Et puis, voici l'eau creuse, l'eau profonde où les amours blondes deux et fleuries ont sombré dans la mort grandiose en marbre noir. Le saule étend sur l’eau profonde ses griffes de tigre, ses racines déchaussées. Il mourra debout, comme un homme doit mourir, comme un tigre doit mourir, guettant la fleur stérile, le nénuphar immobile qui chante sur l'eau profonde. Il est fort. Il retient dans ses serres la laine décharnée du temps, la cruauté vivaces et sans visage, mon destin.

IV

L'eau du sommeil a la splendeur du lait. L'eau glisse sur mes yeux ouverts. Je suis un galet bien lisse au fond de la rivière, au fond de la rivière de la nuit.

V

Ce matin là, je marchais dans la fraîcheur d'un monde à découvrir, d'un monde sans mystère que j'aurais aimé, à en mourir ! La richesse était là : l’homme nouveau dans la nouvelle étoile. Je suis un raté, mais je vous emmerde. J’ai la couronne et le manteau de pourpre.

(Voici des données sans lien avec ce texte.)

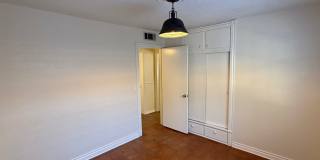 Gorgeous 3 Bed 1 Bath in The Village Gallery 10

Je bois l’eau qui éternellement se renouvelle, j'ai la liberté.

VI

Il arrive parfois que le choix et le désir se rejoignent, se concertent et s’accordent. Oh ! Alors !Malheur à l'enfant perdu ! Je descends au fil de l’eau sur les troncs abattus pendant l’hiver, sacrifice que la forêt offre chaque année aux déesses endormies sur l'eau douce et lumineuse. Et l'eau ouvre son chemin dans la plaine, et je m'avance comme un jeune César dans un matin de chocolat recouvert de papier d’argent. La vérité parfois jette son verre d'eau glacée sur un visage qui sommeille.

VII

Il vient une heure dans notre jeunesse où le monde s'agrandit démesurément alors que les yeux n'offrent toujours à la lumière que l'épaisseur d'une larme et c'est là le miracle, le miracle de la fécondité. Voici le delta fertile, le delta des dernières paresses et, au loin, la barre impitoyable de la haute mer, de la mer irréversible.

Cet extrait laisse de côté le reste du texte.